I still get letters
At least this one made it through the mail OK because the sender entered an E-mail address correctly, but it's a Hotmail address, and I have no way of knowing if the sender is who he claims to be or not. He (?) did, however, want to know where my "follow-up opinion" was about the trial. He implied that he was acquitted, but managed not to actually state as much.
So I went to Google with "Tecumseh mayor acquitted" and found this in a year-in-review article covering 2003 in Pottawatomie County:
Not guilty.It took a six-person Pottawatomie County jury precisely six minutes to return that verdict in the case of Tecumseh Mayor Greg Wilson and Bart Sigman, another Tecumseh resident. The two were accused of furnishing beer to minors after the Tecumseh Alumni Association banquet in May of 2002. It took nine months and a change of district attorneys to get the case to trial.
Wilson said he was prepared to move on to more positive things but Sigman was still upset after the quick acquittals.

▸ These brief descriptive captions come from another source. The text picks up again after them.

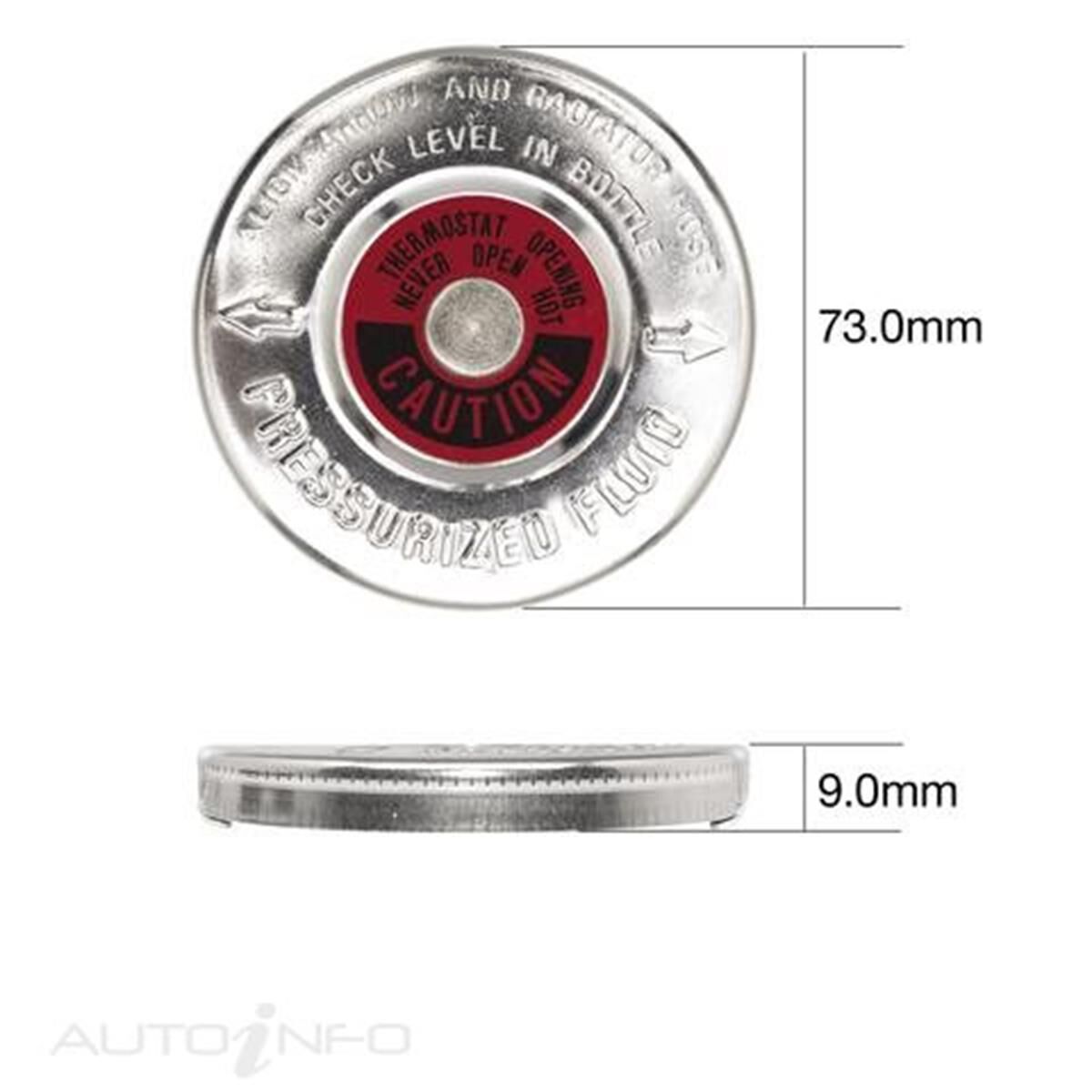 Blanking radiator shop cap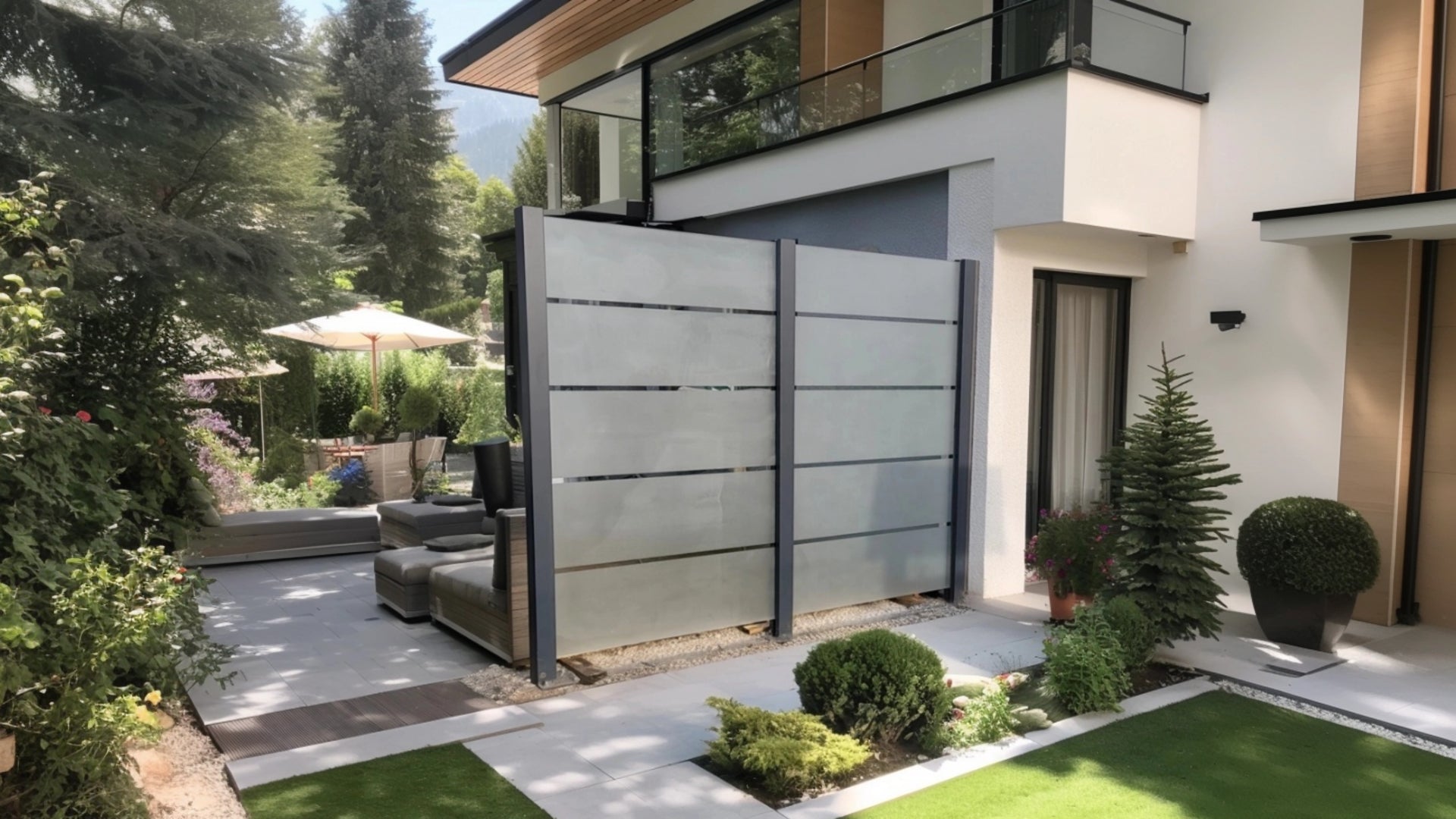 Terrasse Sichtschutz Glas - Glaszaun - Glasshop24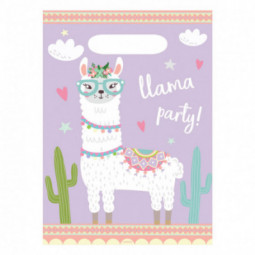 Llama Plastic Party Bags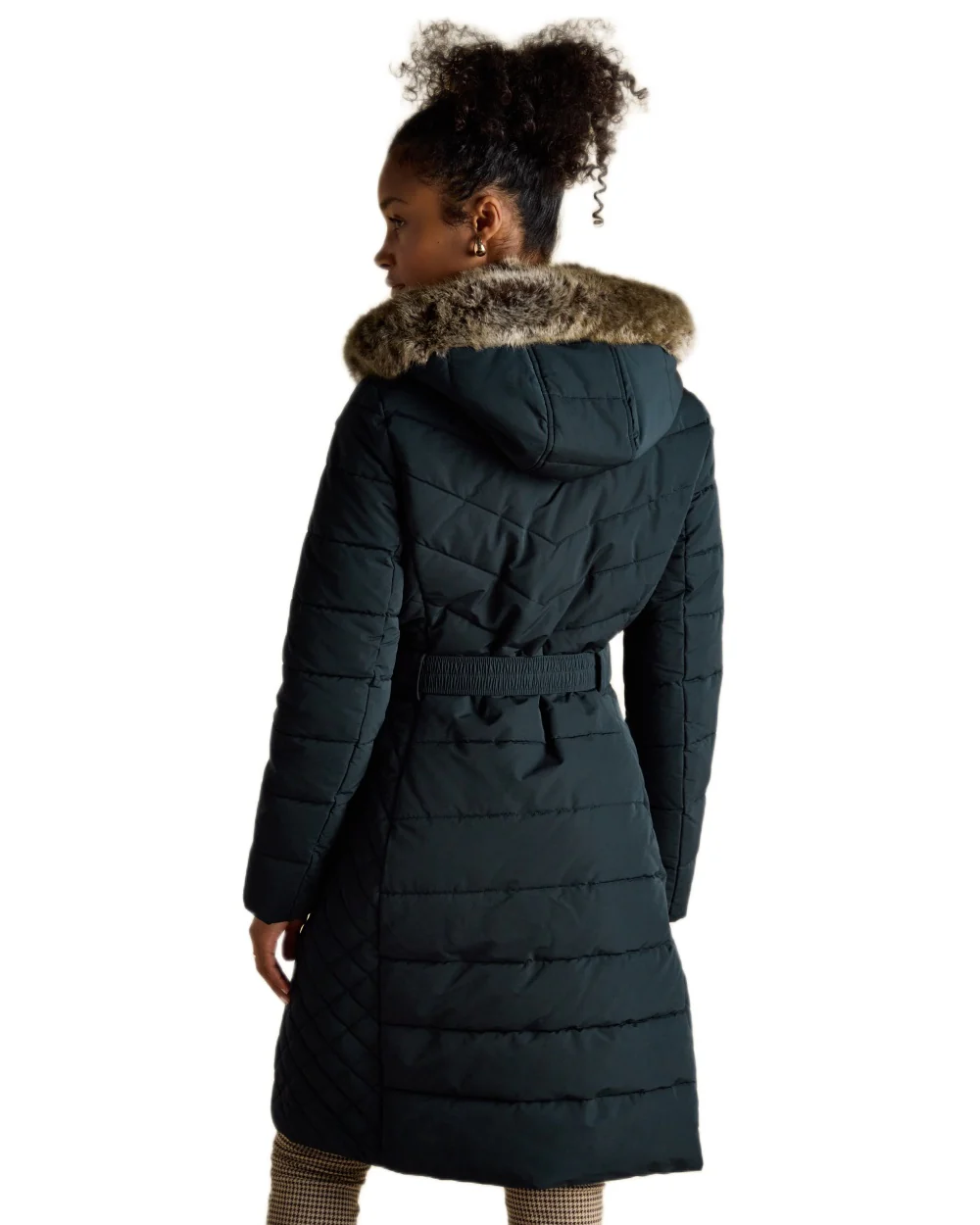Joules Womens Aspen Showerproof Longline Padded Coat - Image 22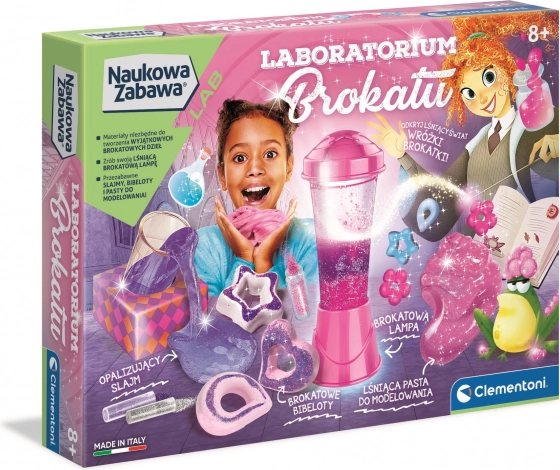 Kreatywne laboratorium brokatu CLEMENTONI dla dzieci od 8 lat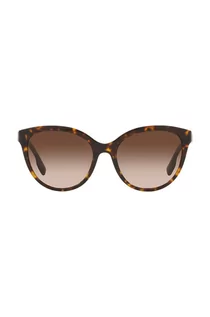 Okulary przeciwsłoneczne - Burberry okulary przeciwsłoneczne damskie kolor brązowy - grafika 1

So, there you go. But I had to look twice, as it looked like a false positive. This was where Wilson's name was first mentioned in the January section:
POLITICS - Charlie Laster, a lawyer from Shawnee, easily defeated Tecumseh Mayor Greg Wilson in the Democratic Primary to nominate a successor to Gov. Henry in the State Senate. Laster got 3,358 votes to only 1,352 for Wilson, who didn't even carry Tecumseh. The general election will be on Feb. 11 when Laster will square off against Kris Steele, a Republican state representative from Shawnee.
The March section also had this fascinating legal tidbit:
MISTRIAL MISUNDERSTOOD? - A Pottawatomie County prosecutor said she felt the jury misunderstood its options in a case which resulted in a light sentence for a Tecumseh couple accused of beating a ten-year-old girl to the point of blindness. The couple was convicted on charges of child neglect but acquitted on a charge of felony abuse. The sentence was two weeks in jail for both defendants. Deputy District Attorney Pattye High said she felt "a couple of the jurors" had "life experiences" and "just weren't going to get there" and the rest didn't understand what would happen if a mistrial resulted.
And from the same school board that went all the way to the U.S. Supreme Court to win the right to perform random, supervised body-fluid drug tests on the very kids who show absolutely no signs of using drugs?
PADDLING APPROVAL - Patrons of the Tecumseh school system indicated support for reinstating corporal punishment under controlled conditions. The school board held a special meeting to weigh public support for the approval. Tecumseh has had a no-spanking policy for about a dozen years.
My follow-up opinion: Tecumseh is a strange place.